Fork It And Make Your Own

You should fork this repo to create your own boilerplate. This scaffold makes no assumptions about pre-processor, babel, or linting configurations.

Setup

This boilerplate requires Vue CLI 3 be installed globally on your machine.

# create & install project
composer create-project chasegiunta/craft-vue-tailwind PATH

# run Craft's setup & install
./craft setup

# install the Asset Rev plugin
./craft install/plugin assetrev

# install dependencies
npm install # yarn

# initialize Tailwind's config file (tailwind.js)
./node_modules/.bin/tailwind init

# append shadowLookup experiment flag to end of tailwind.js file
# (this step will be removed in an upcoming release)
experiments: {
    shadowLookup: true,
}

# run dev server (default runs on localhost:8080)
npm run dev # yarn dev (alias for 'yarn serve')

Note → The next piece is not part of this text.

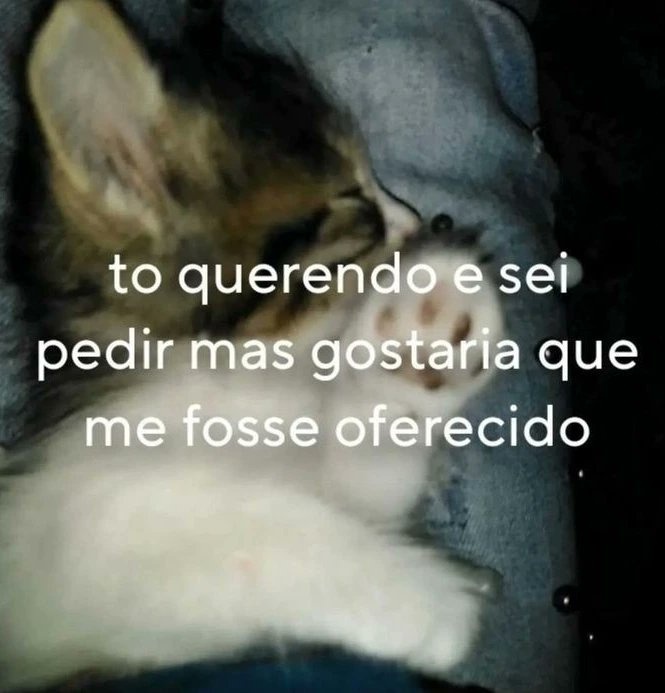 sobreteucaos's tweet image.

# build for production with minification
npm run build # yarn build

Once up and running, the fun part comes in using Vue CLI's GUI to customize your project to suite your needs. Simply run vue ui and import your newly created project to get started.

You can also run your dev & build tasks from the GUI to get valuable build stats & runtime analytics.

NOTE: During development, only your assets will be served from localhost:8080 and referenced in the base template. You'll still load your site locally under your normal development domain (mysite.test, etc.). This will also cause a brief unstyled flash on page loads due to JS/CSS assets loading from javascript for development. This flash isn't present after build, on production.

Vue's CLI may incorrectly output the wrong URL for the dev server:

App running at: http://localhost:8080/http://localhost:8080/
# Ignore this bug. Your server will be running at http://localhost:8080

After running npm run build, the easiest way to test your build files locally is to comment the environment variable in your .env file, and refresh the page. This will serve your assets from the build directory, rather than webpack's dev server.

For a detailed explanation on how things work, check out the Vue CLI docs.

Tailwind directives in .vue files

Using Tailwind directives (@apply, etc.) inside of Vue's single file components is now possible with the addition of an expirimental shadowLookup flag enabled in your tailwind.js file (added in Tailwind v0.6.2 - hooray!).

Pre-Processors

This boilerplate has pre-configured CSS extraction for most popular CSS pre-processors including LESS, SASS, Stylus, and PostCSS. To use a pre-processor, all you need to do is install the appropriate webpack loader for it. For example, to use SASS:

npm install sass-loader node-sass --save-dev
# yarn add sass-loader node-sass --dev

Note you also need to install node-sass because sass-loader depends on it as a peer dependency.

Read more about this at https://cli.vuejs.org/guide/css.html#pre-processors

Automatic Component Registration

Any vue components placed within src/components will be registered with Vue automatically. This requires their filenames to be in PascalCase, eg. MyVueComponent.vue

Babel Compiling

This boilerplate uses babel-preset-env for configuring babel. You can read more about it here.

Linting

You can enable linting by adding the @vue/cli-plugin-eslint plugin through the GUI vue ui.